## WORK REQUIRED:
Using the data below, transcribe exactly everything from the line that contains "Polo Shirt 1" down to the line that contains "Blue Mustard Orange". Include both of those lines and none of the pictures.

## DATA PROVIDED:

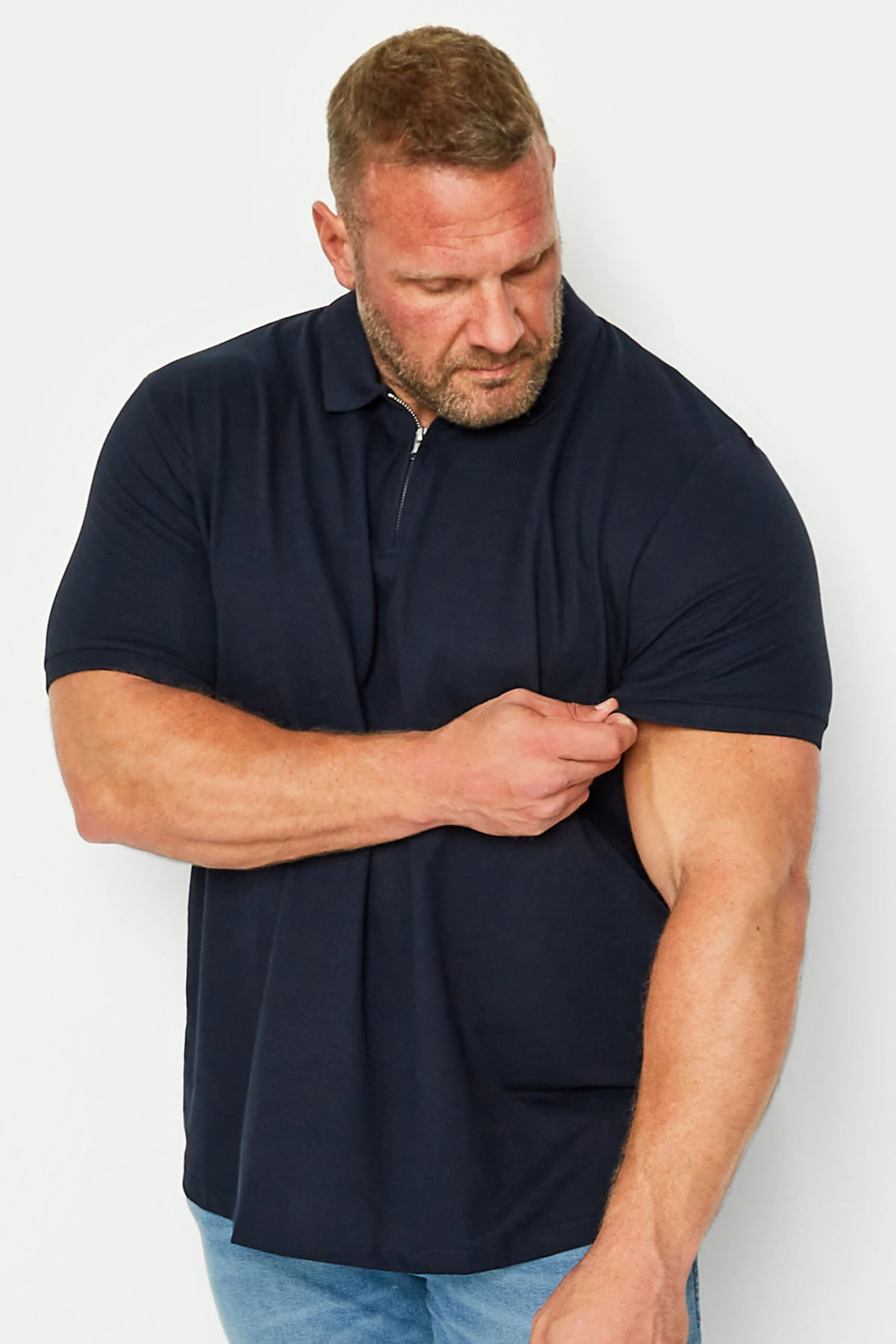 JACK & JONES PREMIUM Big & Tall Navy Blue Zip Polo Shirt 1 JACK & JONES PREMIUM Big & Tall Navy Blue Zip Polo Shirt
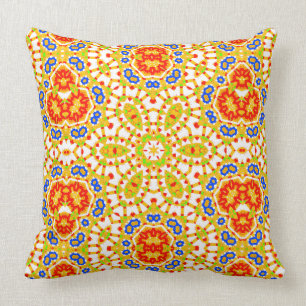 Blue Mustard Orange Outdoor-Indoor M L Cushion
...
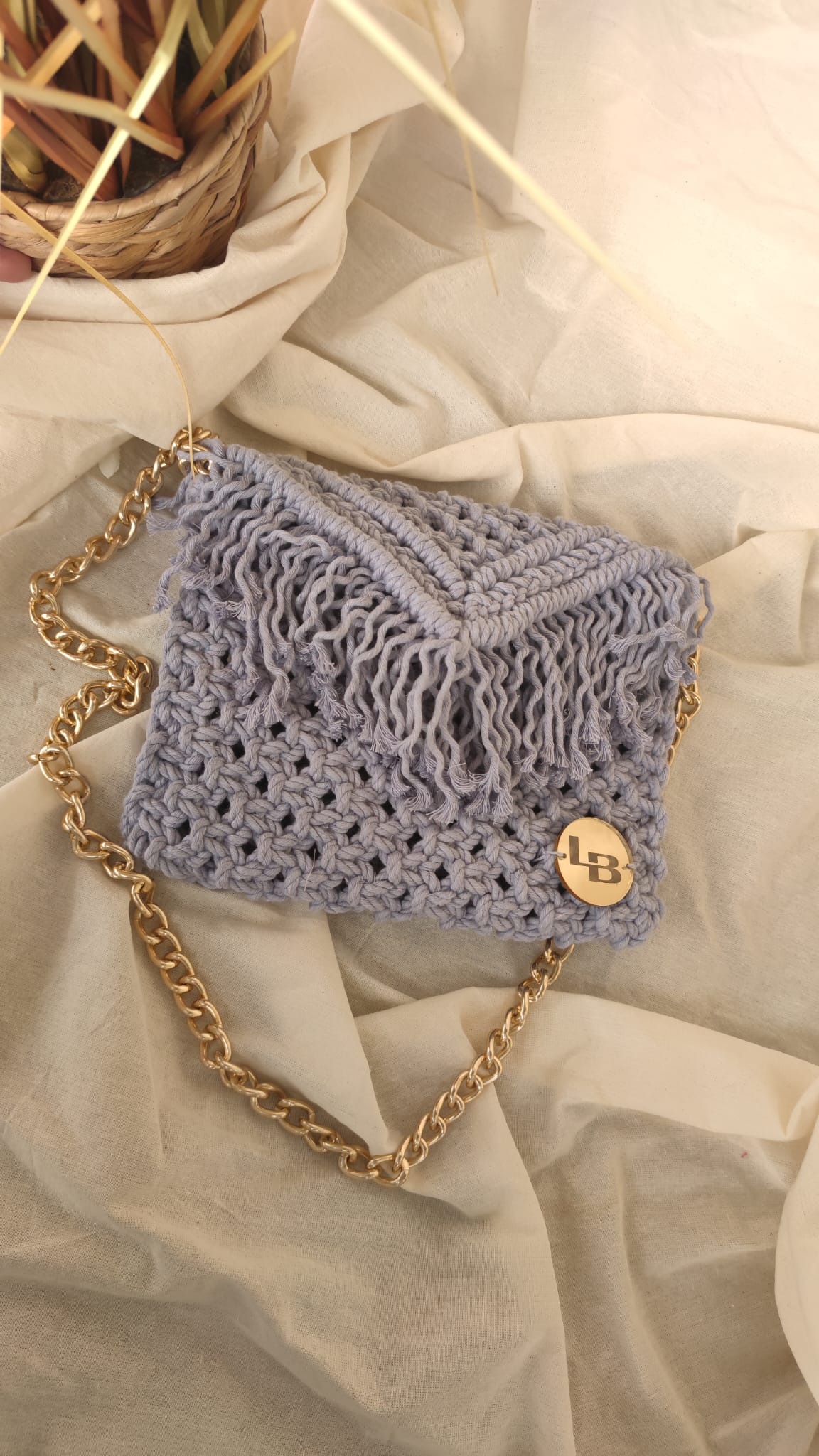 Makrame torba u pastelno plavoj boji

## ANSWER SPACE:
 JACK & JONES PREMIUM Big & Tall Navy Blue Zip Polo Shirt 1 JACK & JONES PREMIUM Big & Tall Navy Blue Zip Polo Shirt
 Blue Mustard Orange Outdoor-Indoor M L Cushion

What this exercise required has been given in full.